GIVEN INFORMATION -
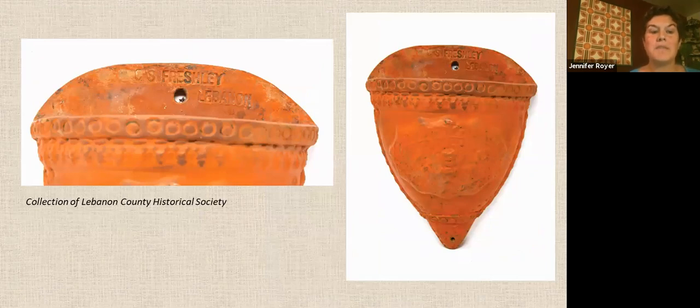This is a wall pocket made by George S. Freshly in Lebanon County. It can be wall-mounted and filled with flowers. Freshly owned Lebanon Pottery and Stove Brick Works, where he made all kinds of crockery and stove ranges. He was also proprietor of the Eureka Ice Company, which sold coal and ice, and was known more as a coal and ice merchant than a potter. He often donated ice to the Good Samaritan Hospital.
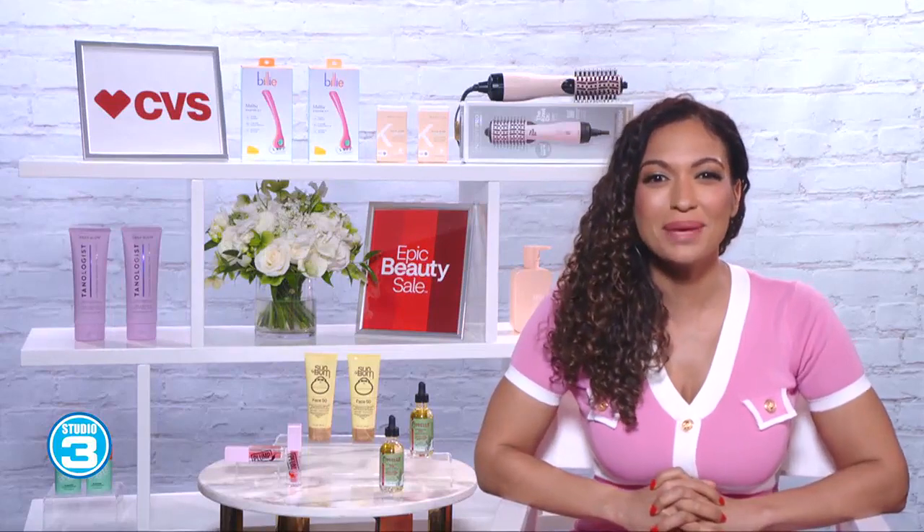This spring, forget sacrificing quality for savings because we have the inside scoop on how to shop the best buys of the season without blowing your budget. Let's learn all about it with beauty expert Millie Amaldivar.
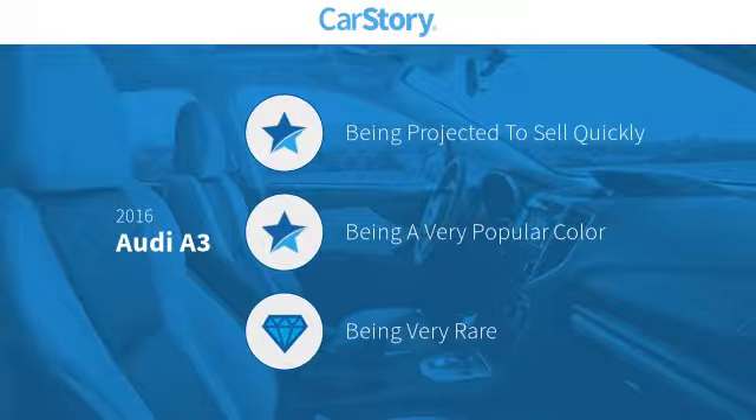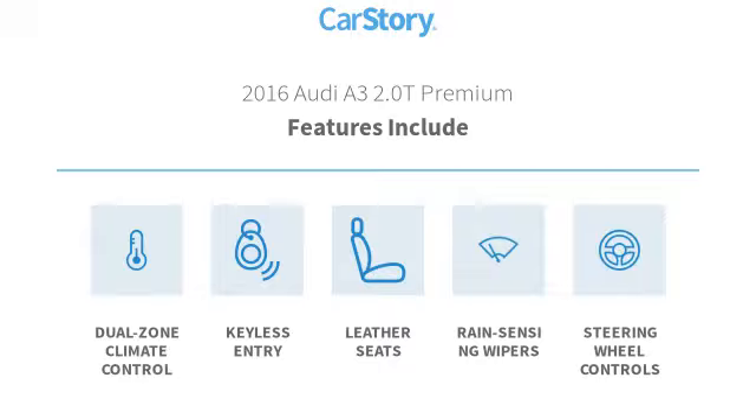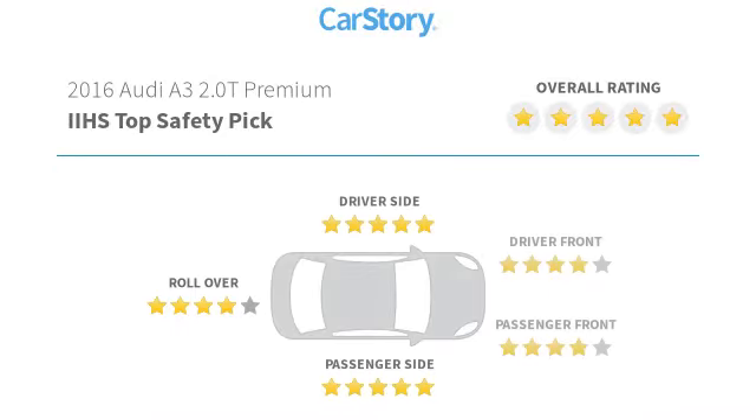CarStory research indicates this vehicle as a rare model. Features also include keyless entry, leather seats, steering wheel controls, and it has been listed as an IIHS top safety pick with these ratings.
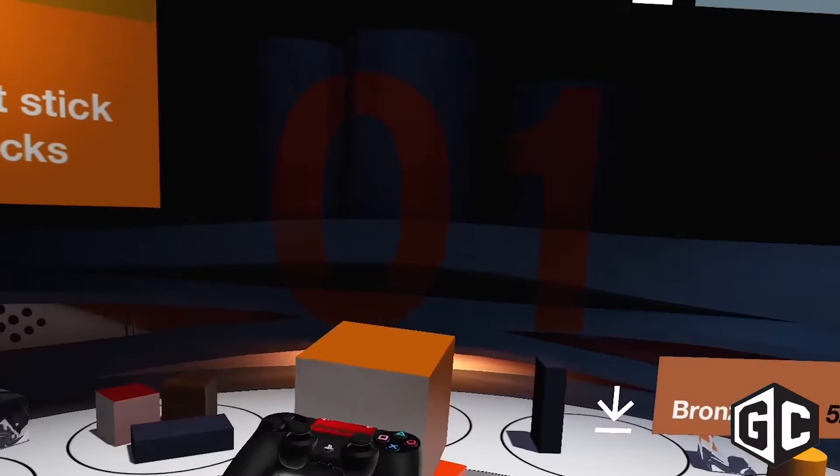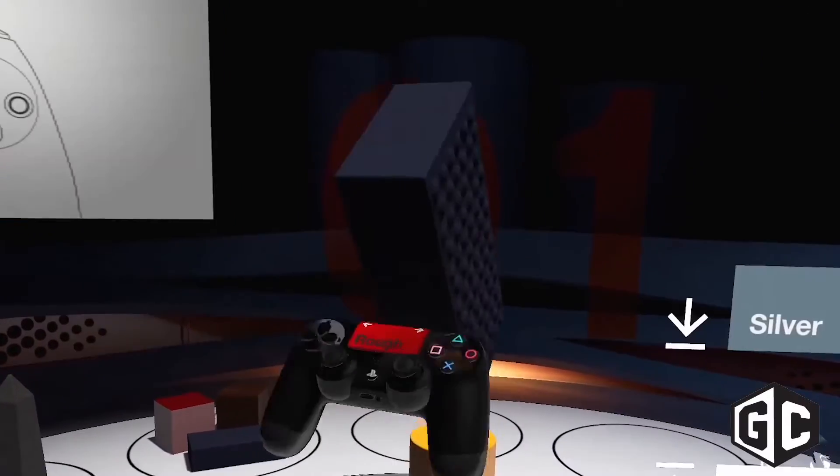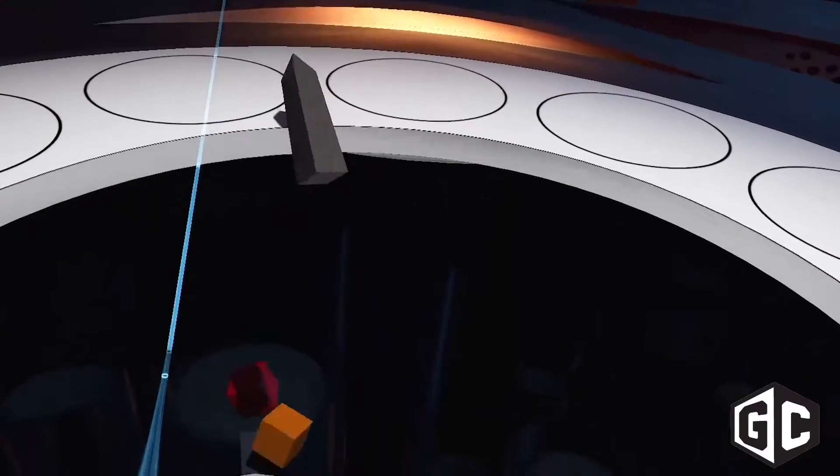Creatively, what has this opened up for how you think about developing games? Creatively, I think it opens up a new way of interacting that is more immersive and more user-friendly than anything we've done before.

ACTION ITEM - Look above for the line with "This spring, forget" and the line with "CarStory research indicates". Copy them and every line between, exactly, but no pictures.

RESULT FOR THIS EXERCISE -
This spring, forget sacrificing quality for savings because we have the inside scoop on how to shop the best buys of the season without blowing your budget. Let's learn all about it with beauty expert Millie Amaldivar.
CarStory research indicates this vehicle as a rare model. Features also include keyless entry, leather seats, steering wheel controls, and it has been listed as an IIHS top safety pick with these ratings.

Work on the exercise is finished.